RockyForkGuy, i held the tournament sunday and we had 19 boats enter. as far as i know this was the only tournament of the day. we just like to have a lttle competitive fun. the lake was a little crowded due to the holliday weekend. 12lb 15oz won, we fished from 6:30-1:30, we had 4 sacks over 10lbs. these guys are good guys for the most part, i know most of them pretty well.
I understand your frustrations tho. i have boats cut in front of me and the bank all the time, esp the saugeye trollers. alot of times these guys troll over top of my line, usually i just asked if they're doing any good then recast once they get by me. I'll admit last year i had a pontoon boat troll across my line on 3 seperate occasions in the span of 2 hours last year. the 3rd time i lost my cool and launched my carolina rig at the boat to get the guys attention, we had a few words and the guy has never cut between me and the bank again. he told me he didnt realize his lures were going across my line. maybe that was true, i guess its possible some of these guys dont have the common sense to understand what they're doing. my point is, its just not you that puts up with these kinds of things, its all of us. its not just the bass fisherman or tourney angler doing these things. its every kind of fisherman along with the pleasure boaters and jet skiers.
im gonna continue to hold my buddy tournaments on sunday morning as long as no opens are being held the same day. ill post when we hold our next tourney. you should come out that morning and meet the fisherman and see how we do things, i think you will be pleasantly suprised and may even make a couple of new friends out of the deal. im sure ive met you at some point, i usually fish rocky alot for saugeye and bass. this year is the exception because of work, ive only fished the lake 4 times. good luck fishing and hope to see you soon.


----------



## skeeter334 (Mar 12, 2005)

ostbucks98 said:


> I had fun and caught alot of bass but werent good enough to make weight. Was a fun event and look forward attending the next one. Thanks for hosting skeeter and it was nice to meet you.
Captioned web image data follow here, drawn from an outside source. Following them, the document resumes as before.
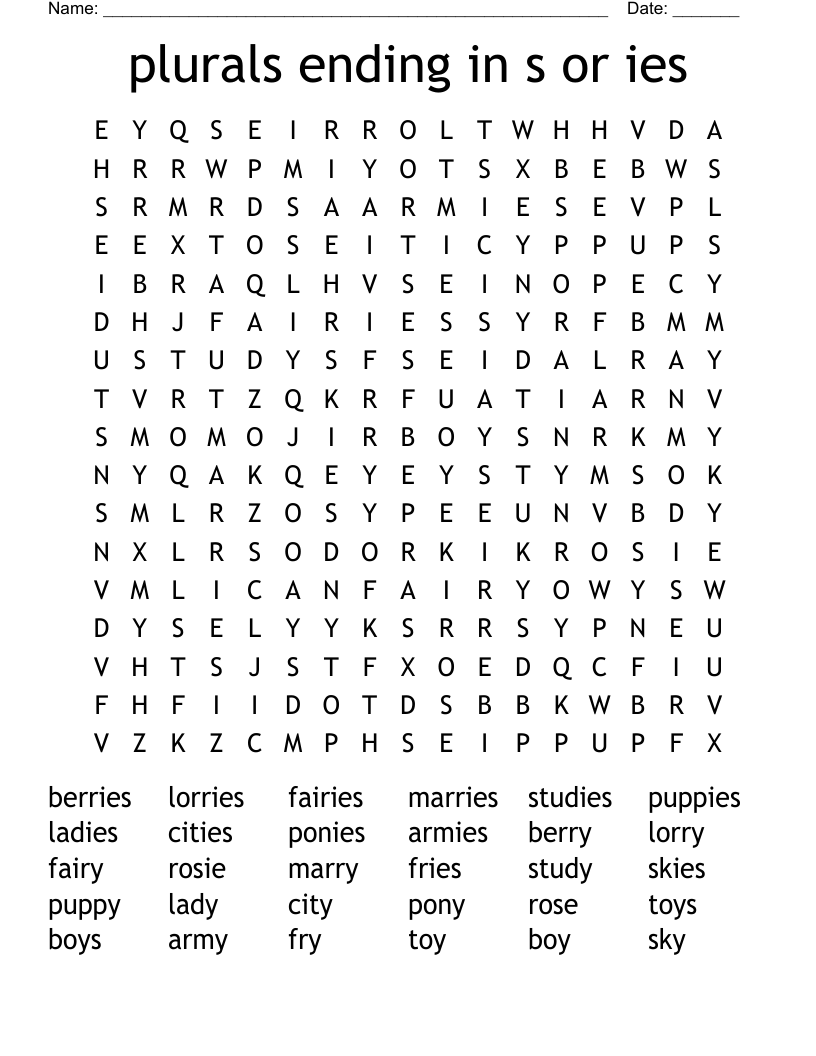 plurals ending in s or ies Word Search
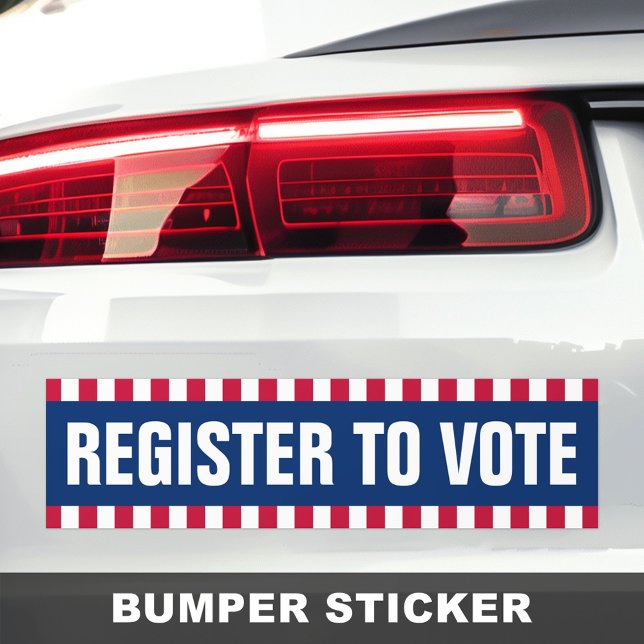 Register zur Abstimmung politische Wahlen gestrich Autoaufkleber (Register to vote political election striped border bumper sticker)
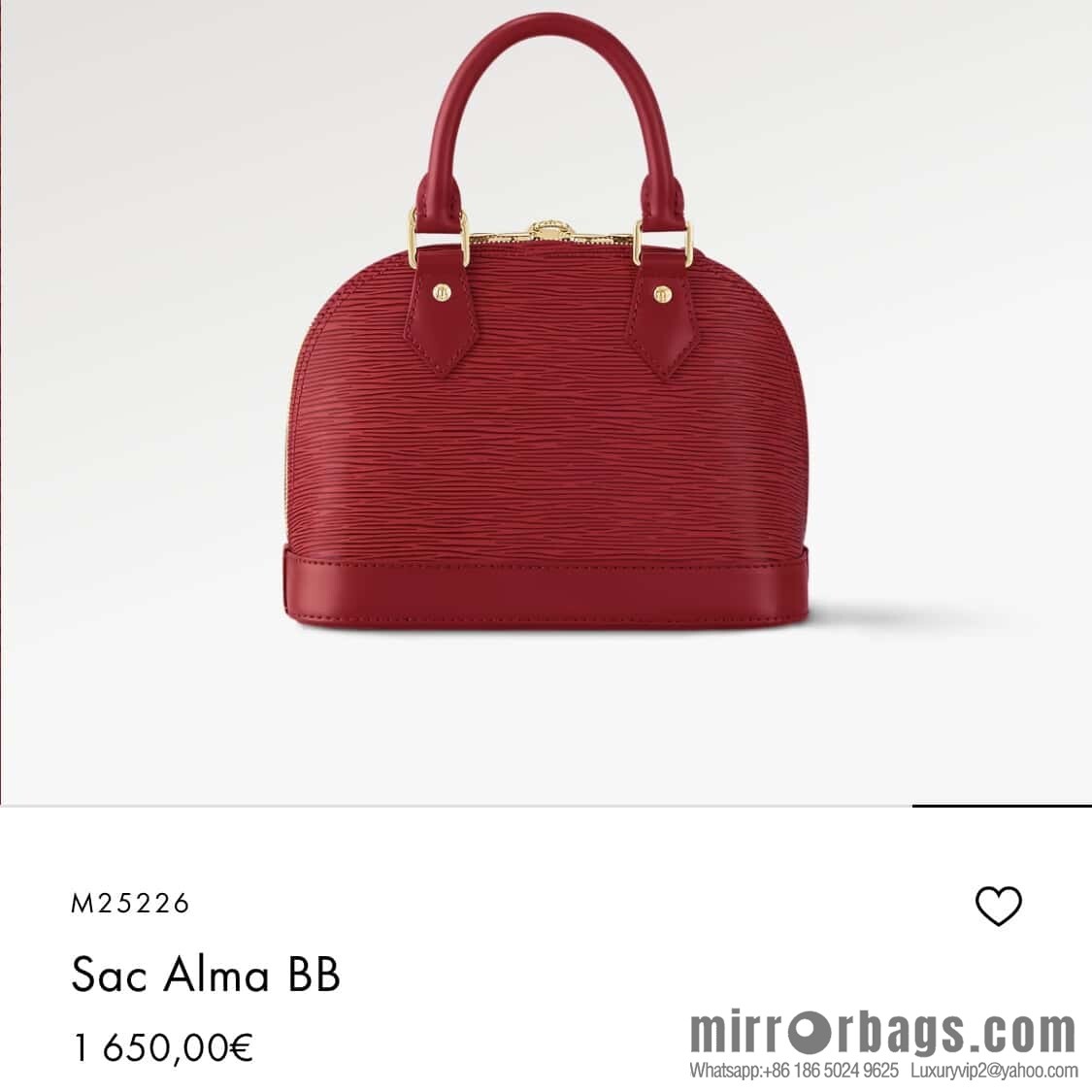 [Boutique‑grade] M25226 red, water ripple shell bag Sac Alma BB handbag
thx man was nice meeting you too. we had the same luck as you, only maneged to catch two keepers. look forward to seeing you next time.


----------



## warden (Jun 14, 2007)

I have fished Rocky for 30 years, mostlly trolling for walleye now for saugeye. Its a good lake but like all public lakes, very busy. The best solution is be courtesy, patient. If some one is fishing the bank go around. if someone on point you like troll, come back later. If someone is having a problem at a dock offer to help.


----------



## steveg11943 (Jun 27, 2008)

Cowan lake -Friday night 6pm-11pm -dam ramp $20 per boat / $5 big fish optional
Rocky Fork -North Shore ramp- Sunday 6am-3pm $50 per boat / $10 big fish optional
For tournament info go to www.buckeyebasstournaments.webs.com 

We can't catch a break : if we fish our lakes, people get upset and if we go out of state , those people get upset.


----------



## AndOne (Apr 18, 2011)

I get what everyone is saying. Seems like nothing changes though...I'm both a pleasure boater and fisherman. 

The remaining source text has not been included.